Dorri Partain 
Assistant Editor 

Following the attack at Pearl Harbor on December 7, 1941, American citizens faced shortages of certain items. Whether these items were being shipped overseas to support the troops and allies or imports were halted due to safety or transportation concerns, The Office of Price Administration, a division of the United States government, produced a ration stamp system that would fairly allow for the purchase of necessities. By May of 1942, Book One was being distributed to control the amount and price of white sugar, thus earning the nickname, ”sugar book”.

By November of that year, coffee was added, and subsequent Books 3 and 4 controlled the purchase of all meat, dairy, and fat products as well.  The back cover of each book reminded the shopper to: “Never buy rationed goods without ration stamps. Never pay more than the legal price.”

Ration books were distributed to every American citizen regardless of age, but if a family member died before the book was completed, the remainder of the book had to be returned to the local Ration Board as all books were regarded as government property. Citizens under the age of 18 were not required to sign the book allocated to them.

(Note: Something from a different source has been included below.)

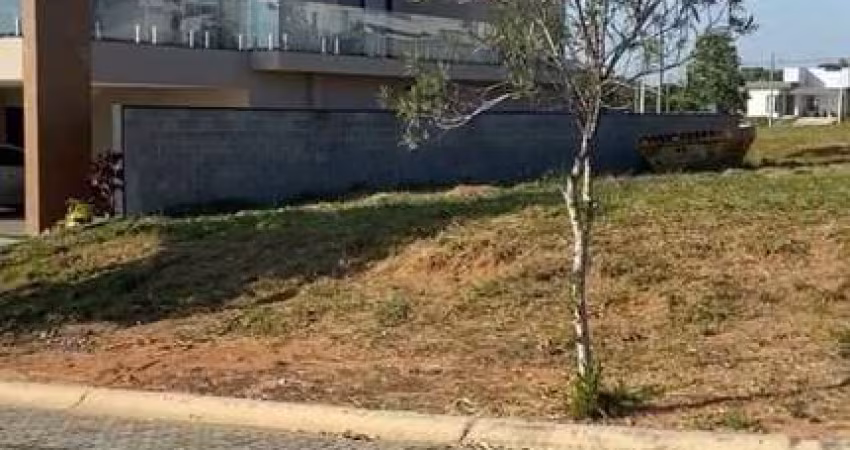 Terreno 580 m² Condominio Eco Bourbon Park Caçapava SP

The stamps inside the book were colored, numbered and lettered to indicate how and when they could be used.  Stamps could only be removed at the time of purchase and in sight of the clerk handling the transaction. Loose stamps were considered void, but torn stamps still inside the book were considered valid.

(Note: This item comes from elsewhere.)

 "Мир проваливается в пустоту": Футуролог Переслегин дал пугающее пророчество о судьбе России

Ration Book Four, issued in 1943, contained eight pages totaling 384 stamps. Green and blue stamps were used to buy canned goods, red was for meat, and black was coffee, sugar, and numerous “spares” that would be implemented in the event adjustments were made to the rationing  program.

Throughout the rationing program, which officially ended in 1947, citizens  were advised, “Give your whole support to rationing and hereby conserve our vital goods. Be guided by the rule: If you don’t need it, DON’T BUY IT.”